Data to use:

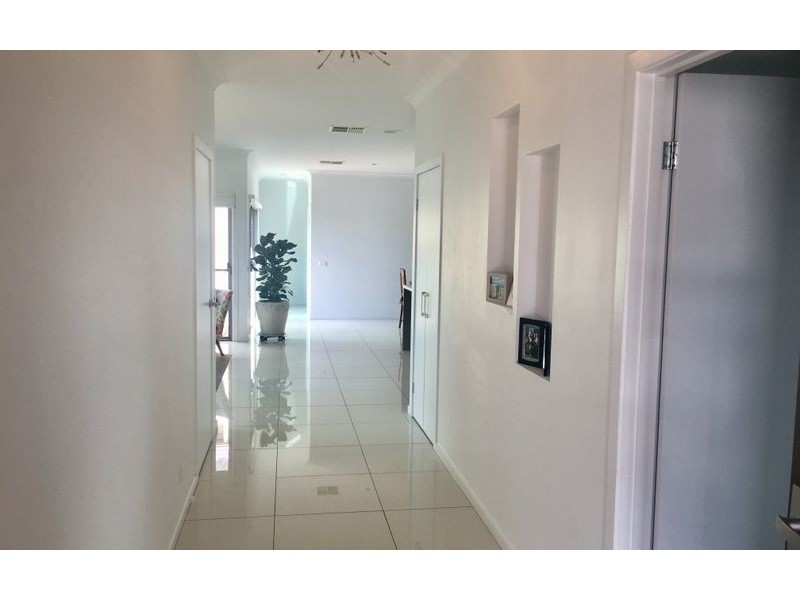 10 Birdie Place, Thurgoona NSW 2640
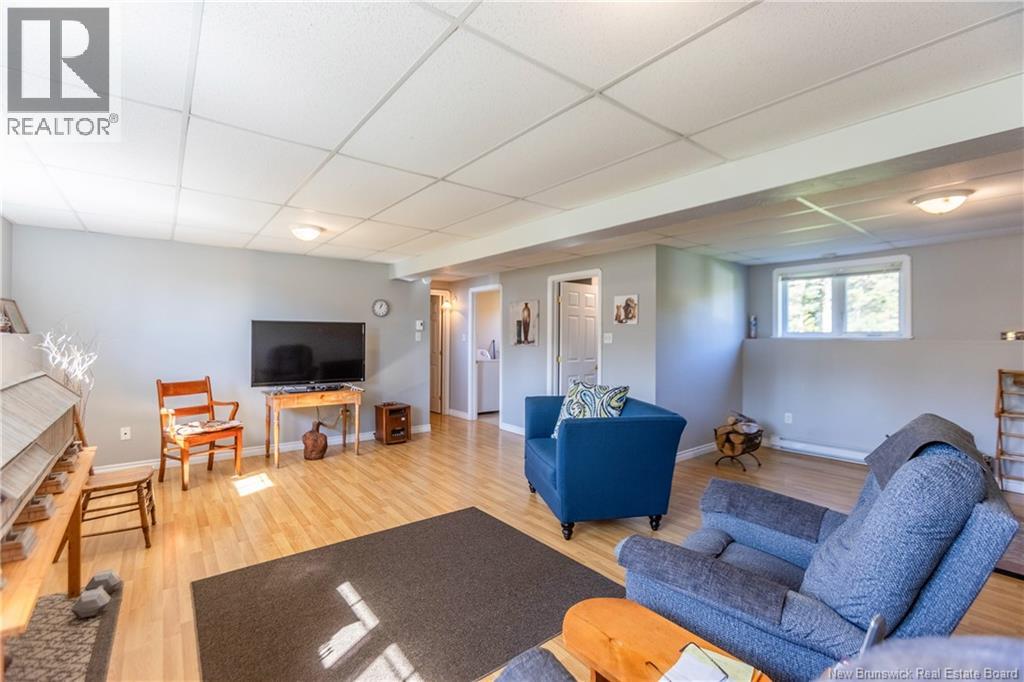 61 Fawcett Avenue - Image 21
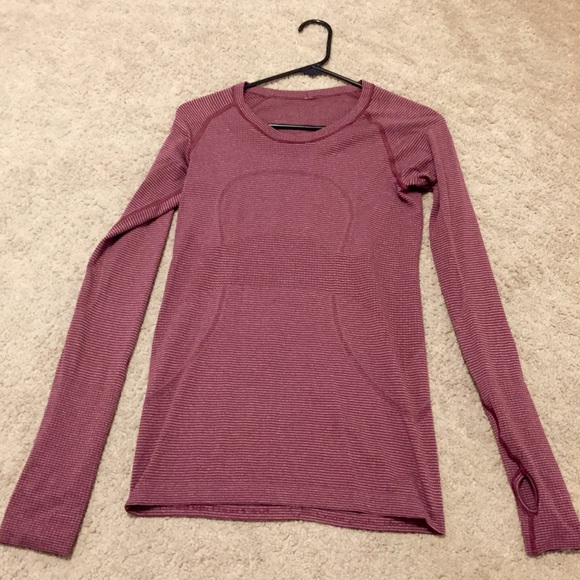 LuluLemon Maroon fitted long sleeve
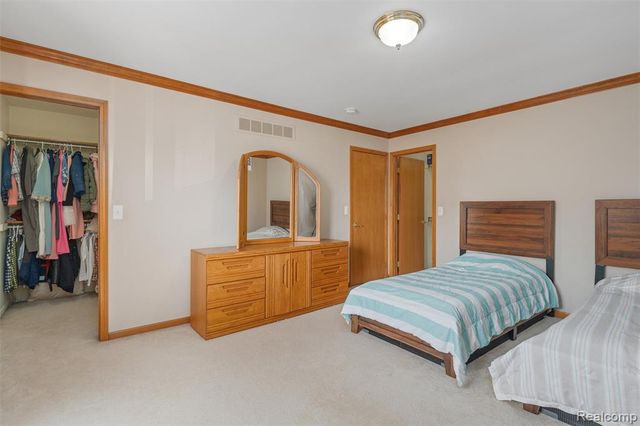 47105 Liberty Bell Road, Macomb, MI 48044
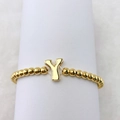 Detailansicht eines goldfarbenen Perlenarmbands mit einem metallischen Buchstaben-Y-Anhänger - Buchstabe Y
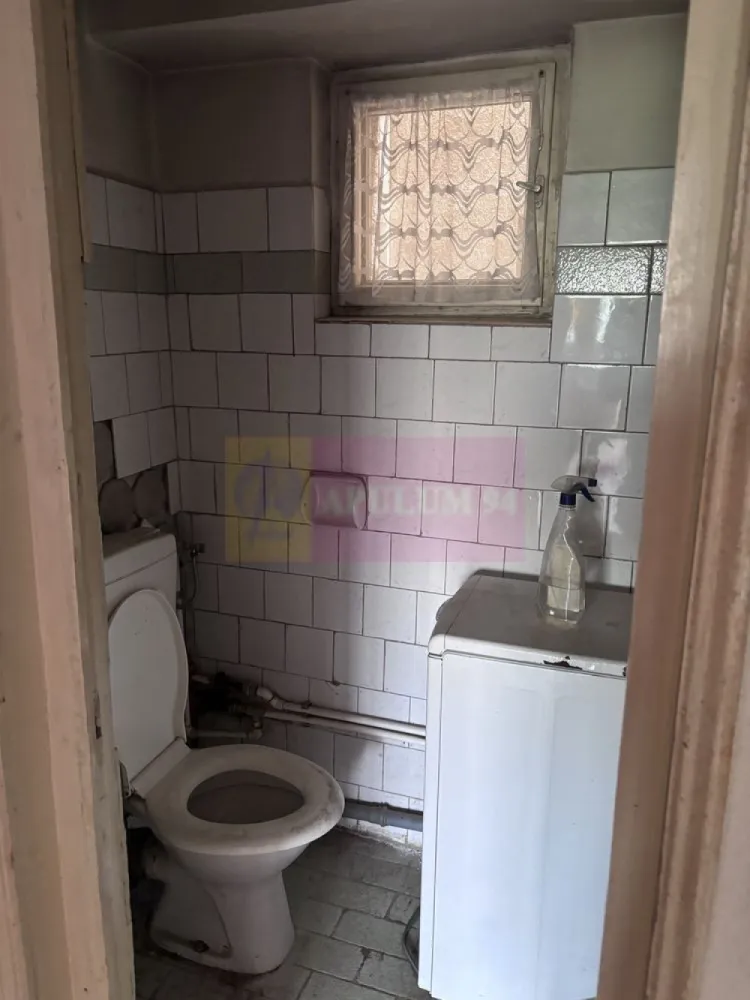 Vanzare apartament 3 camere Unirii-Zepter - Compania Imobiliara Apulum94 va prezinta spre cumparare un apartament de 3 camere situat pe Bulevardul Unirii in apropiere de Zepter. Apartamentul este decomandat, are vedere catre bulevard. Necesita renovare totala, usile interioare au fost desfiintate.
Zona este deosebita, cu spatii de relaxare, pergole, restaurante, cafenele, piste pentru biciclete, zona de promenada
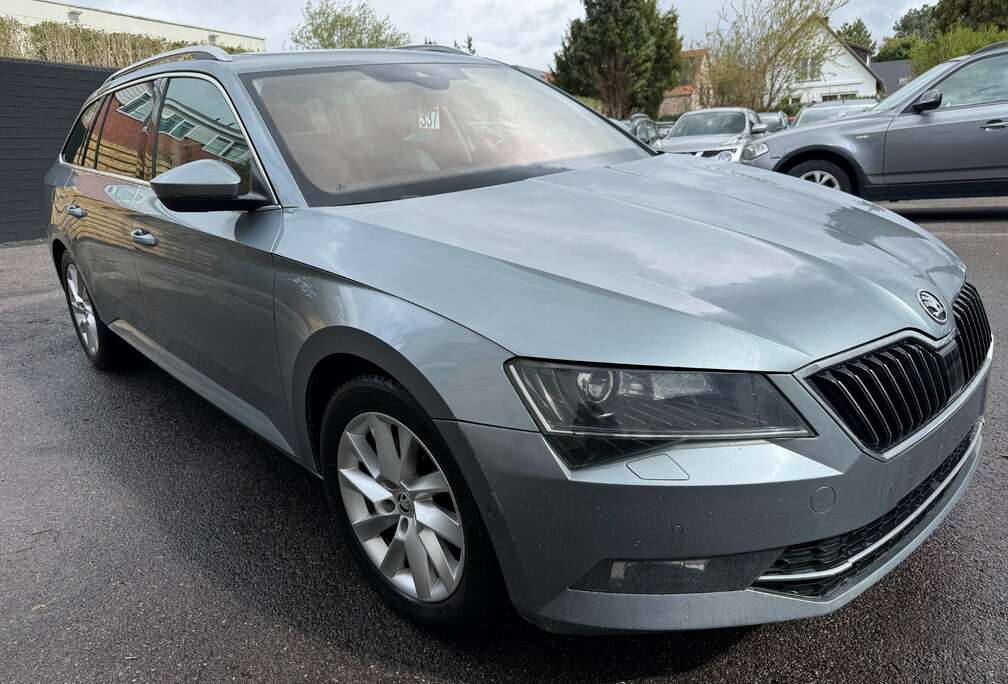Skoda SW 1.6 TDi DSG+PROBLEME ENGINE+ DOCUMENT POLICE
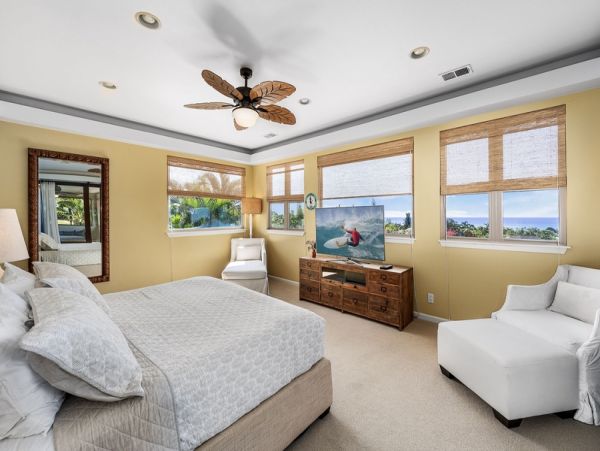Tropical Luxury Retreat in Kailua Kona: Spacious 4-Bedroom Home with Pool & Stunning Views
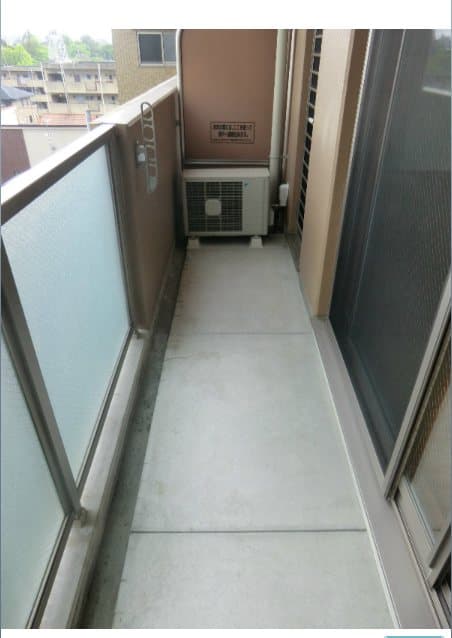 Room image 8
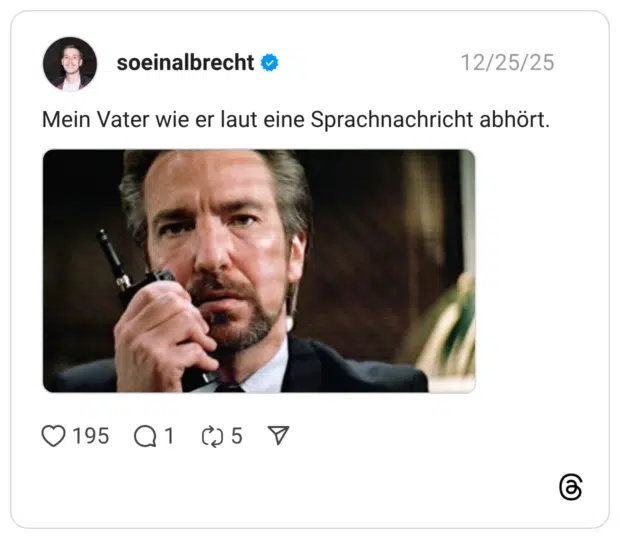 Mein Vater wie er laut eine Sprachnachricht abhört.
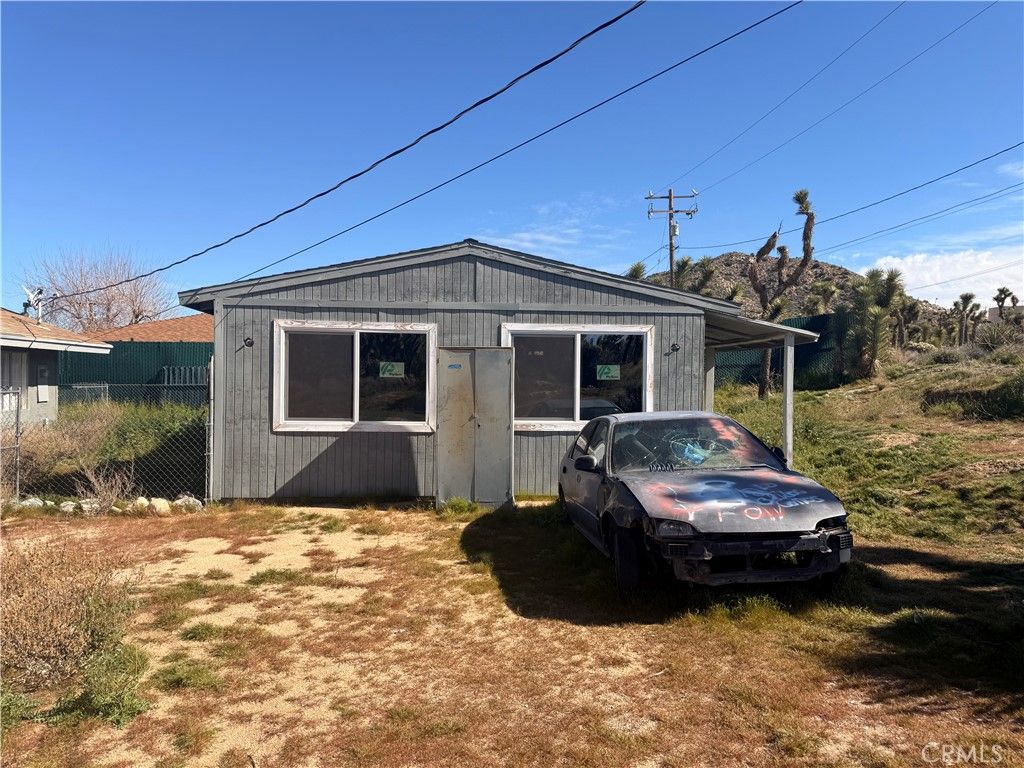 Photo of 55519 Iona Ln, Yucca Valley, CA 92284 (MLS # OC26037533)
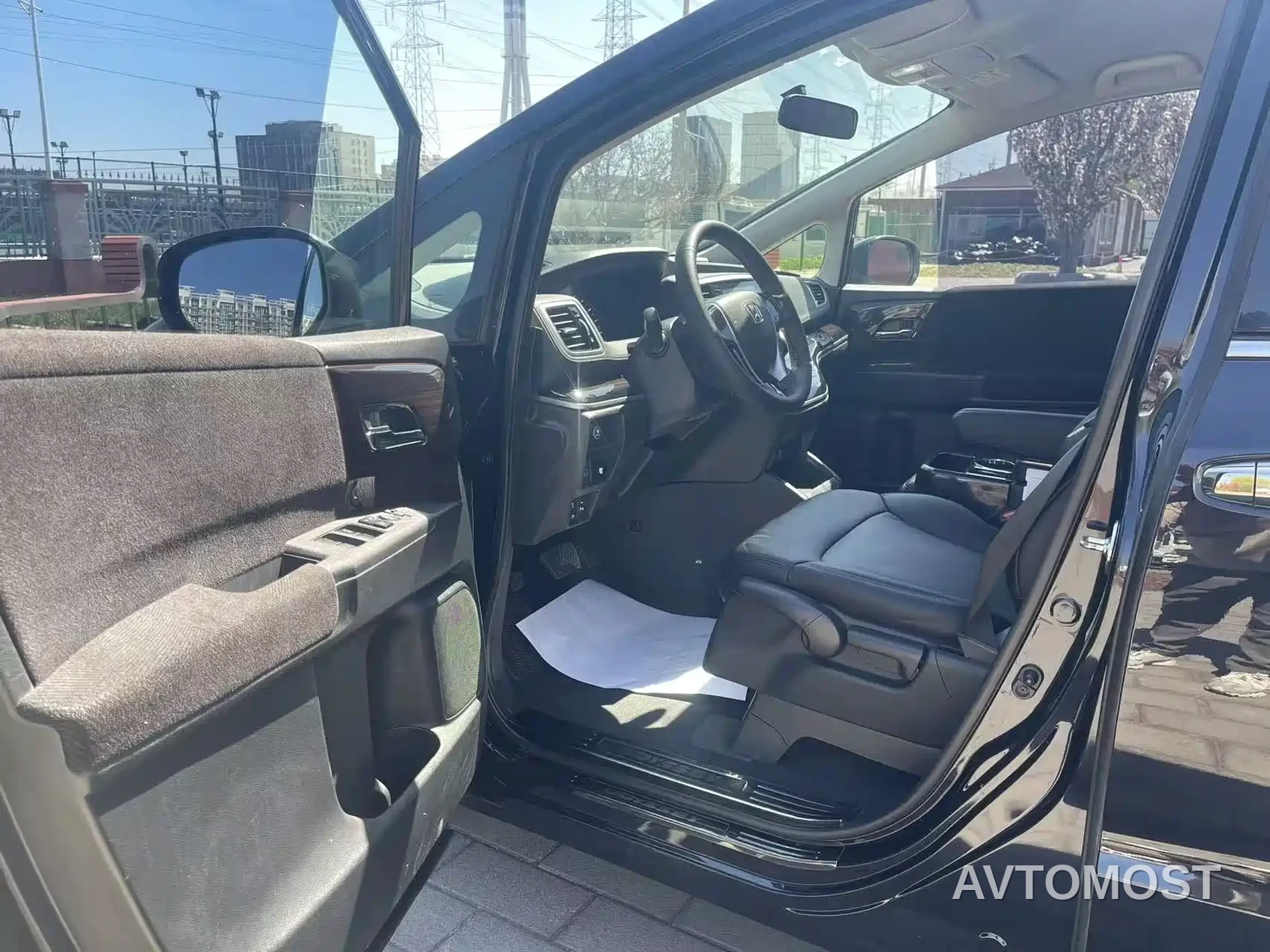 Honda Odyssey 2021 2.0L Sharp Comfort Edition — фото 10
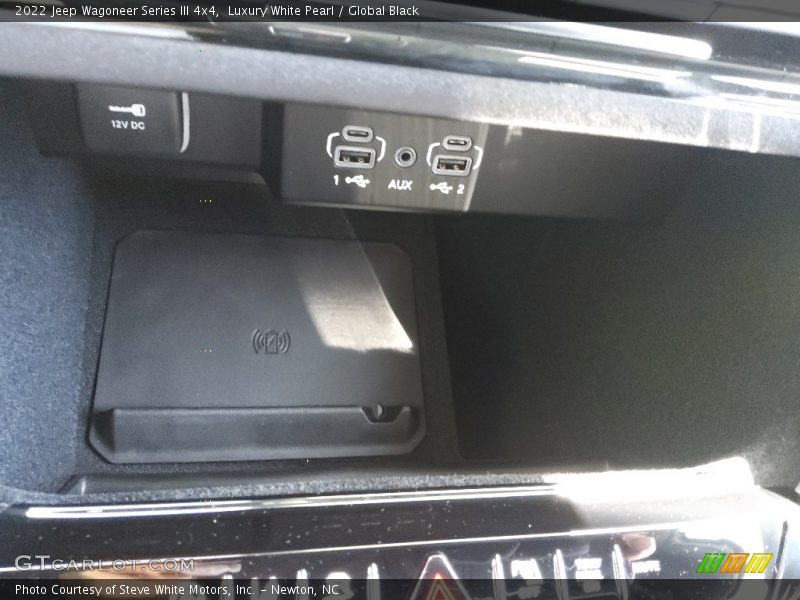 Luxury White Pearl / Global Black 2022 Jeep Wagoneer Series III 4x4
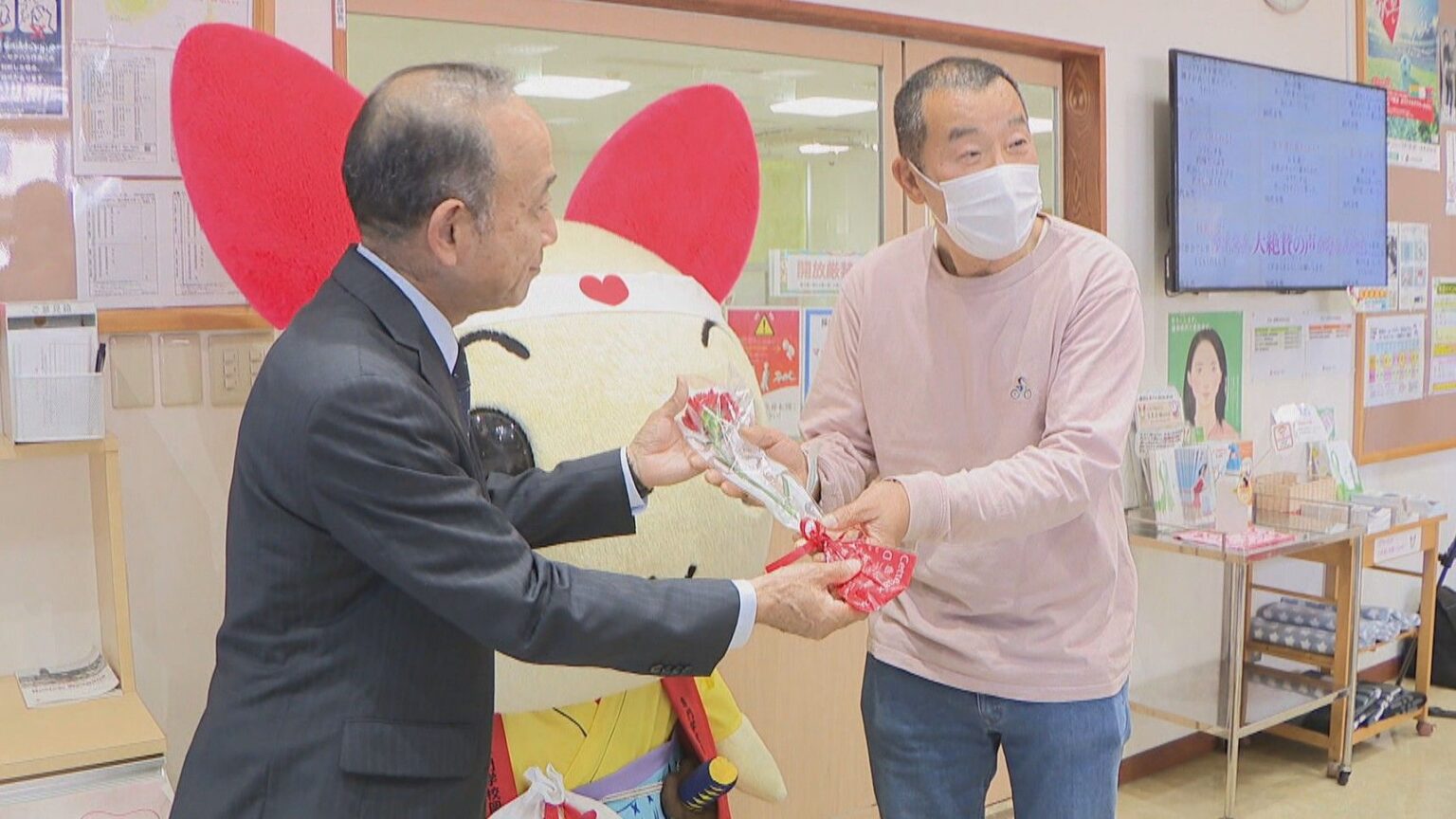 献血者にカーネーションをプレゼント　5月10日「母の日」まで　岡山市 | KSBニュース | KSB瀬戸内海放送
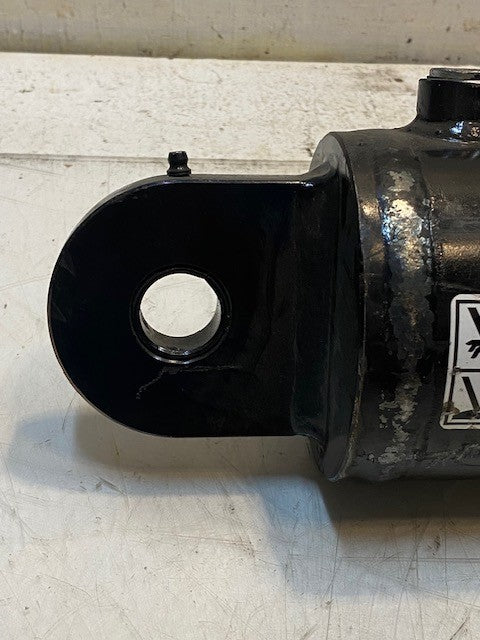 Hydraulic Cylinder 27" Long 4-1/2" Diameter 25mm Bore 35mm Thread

Exercise goal: Images stay out; the entries above are to be printed exactly.

Result for this exercise:
 10 Birdie Place, Thurgoona NSW 2640
 61 Fawcett Avenue - Image 21
 LuluLemon Maroon fitted long sleeve
 47105 Liberty Bell Road, Macomb, MI 48044
 Detailansicht eines goldfarbenen Perlenarmbands mit einem metallischen Buchstaben-Y-Anhänger - Buchstabe Y
 Vanzare apartament 3 camere Unirii-Zepter - Compania Imobiliara Apulum94 va prezinta spre cumparare un apartament de 3 camere situat pe Bulevardul Unirii in apropiere de Zepter. Apartamentul este decomandat, are vedere catre bulevard. Necesita renovare totala, usile interioare au fost desfiintate.
Zona este deosebita, cu spatii de relaxare, pergole, restaurante, cafenele, piste pentru biciclete, zona de promenada
Skoda SW 1.6 TDi DSG+PROBLEME ENGINE+ DOCUMENT POLICE
Tropical Luxury Retreat in Kailua Kona: Spacious 4-Bedroom Home with Pool & Stunning Views
 Room image 8
 Mein Vater wie er laut eine Sprachnachricht abhört.
 Photo of 55519 Iona Ln, Yucca Valley, CA 92284 (MLS # OC26037533)
 Honda Odyssey 2021 2.0L Sharp Comfort Edition — фото 10
 Luxury White Pearl / Global Black 2022 Jeep Wagoneer Series III 4x4
 献血者にカーネーションをプレゼント　5月10日「母の日」まで　岡山市 | KSBニュース | KSB瀬戸内海放送
 Hydraulic Cylinder 27" Long 4-1/2" Diameter 25mm Bore 35mm Thread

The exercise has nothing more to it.